= Work to complete =
Below are records; how many of their lines contain "Photo"? Answer with only the number.

= Provided material =
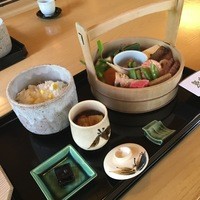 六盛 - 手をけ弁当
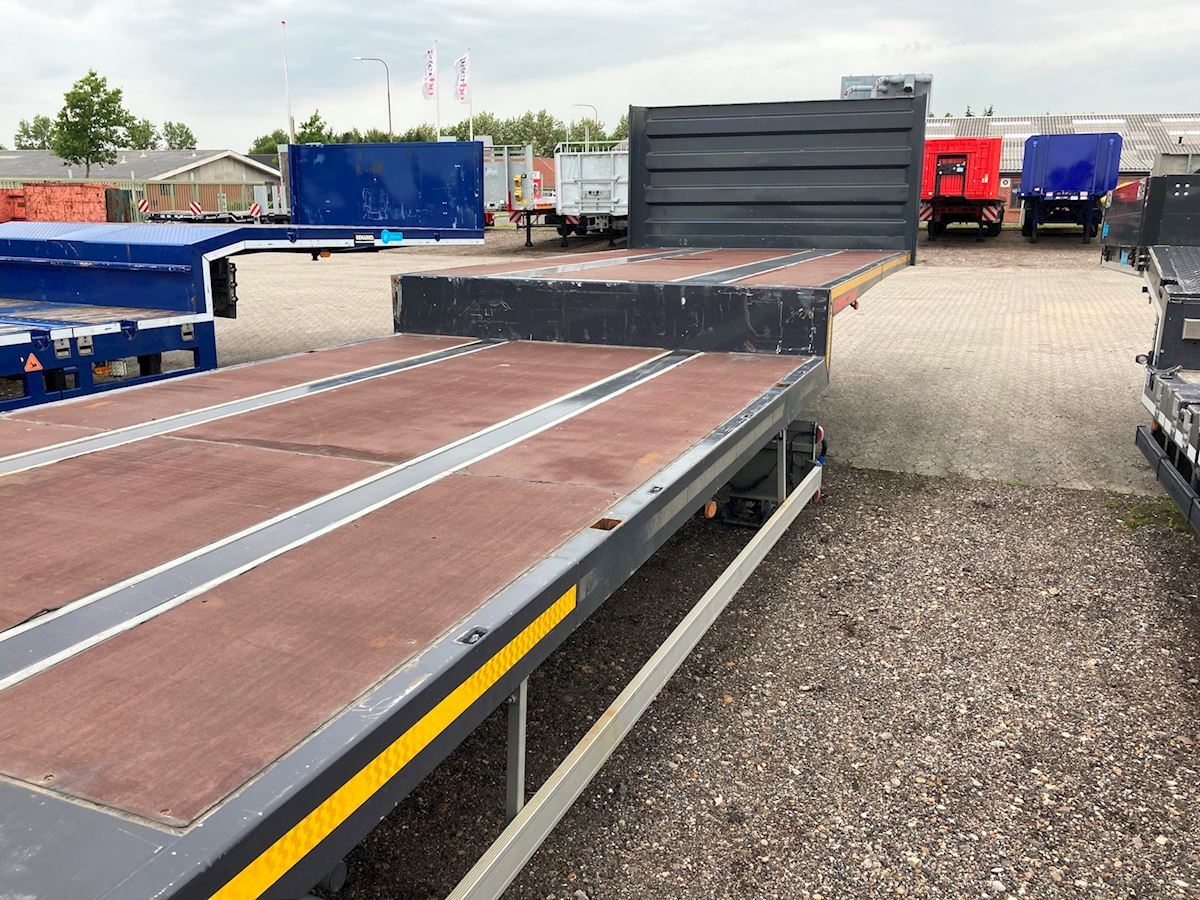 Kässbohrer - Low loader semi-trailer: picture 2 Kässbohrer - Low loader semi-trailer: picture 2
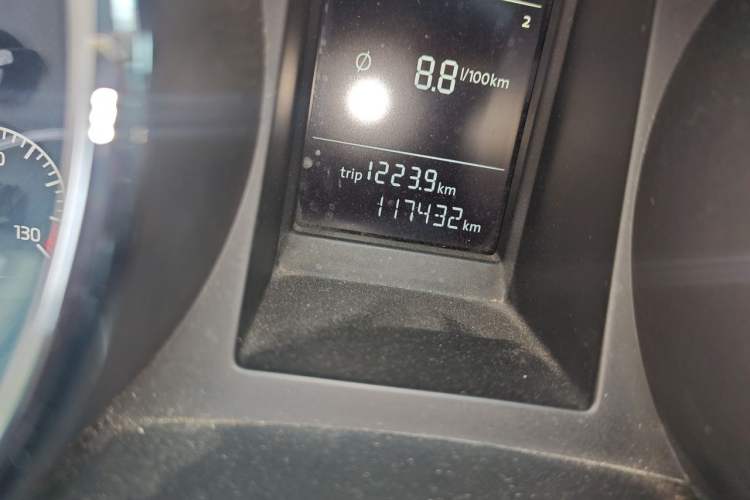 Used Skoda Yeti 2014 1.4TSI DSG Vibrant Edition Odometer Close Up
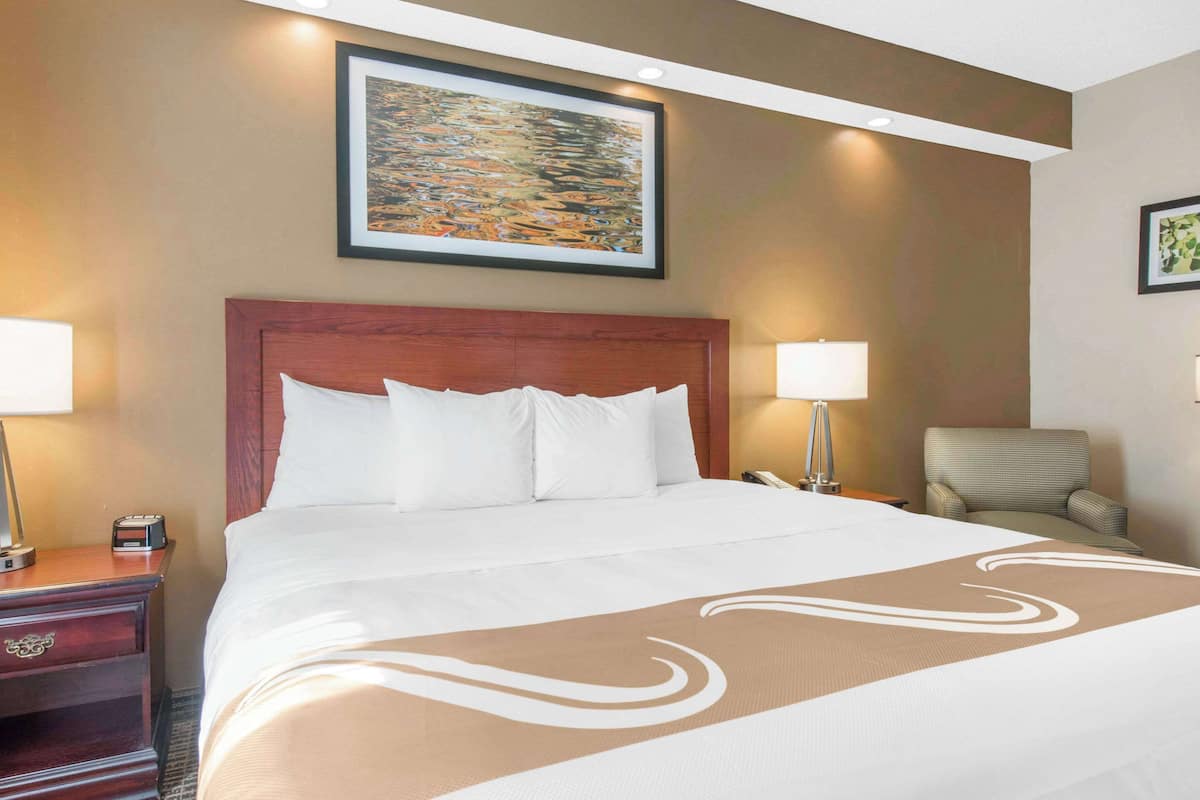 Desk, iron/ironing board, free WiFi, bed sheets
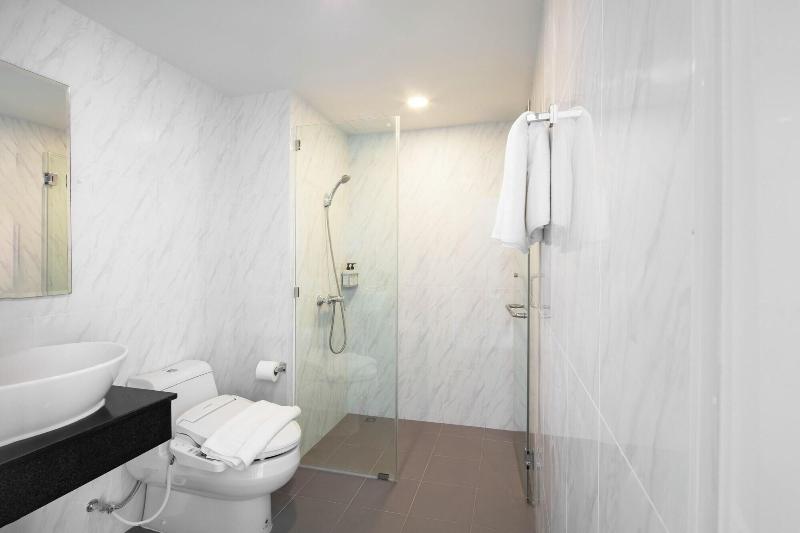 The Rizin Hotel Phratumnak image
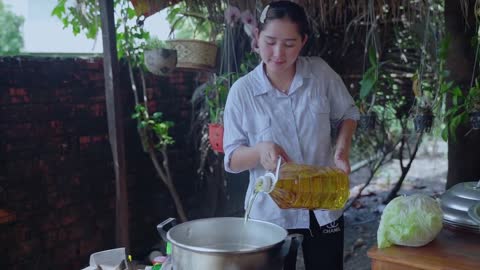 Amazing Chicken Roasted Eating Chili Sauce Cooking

---

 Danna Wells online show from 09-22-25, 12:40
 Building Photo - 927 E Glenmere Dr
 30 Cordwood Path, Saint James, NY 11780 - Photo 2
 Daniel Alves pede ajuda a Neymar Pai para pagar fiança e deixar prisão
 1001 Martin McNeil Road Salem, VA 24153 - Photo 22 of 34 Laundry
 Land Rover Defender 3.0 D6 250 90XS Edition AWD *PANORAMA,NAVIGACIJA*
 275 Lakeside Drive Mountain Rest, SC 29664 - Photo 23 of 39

= Result of the task =
4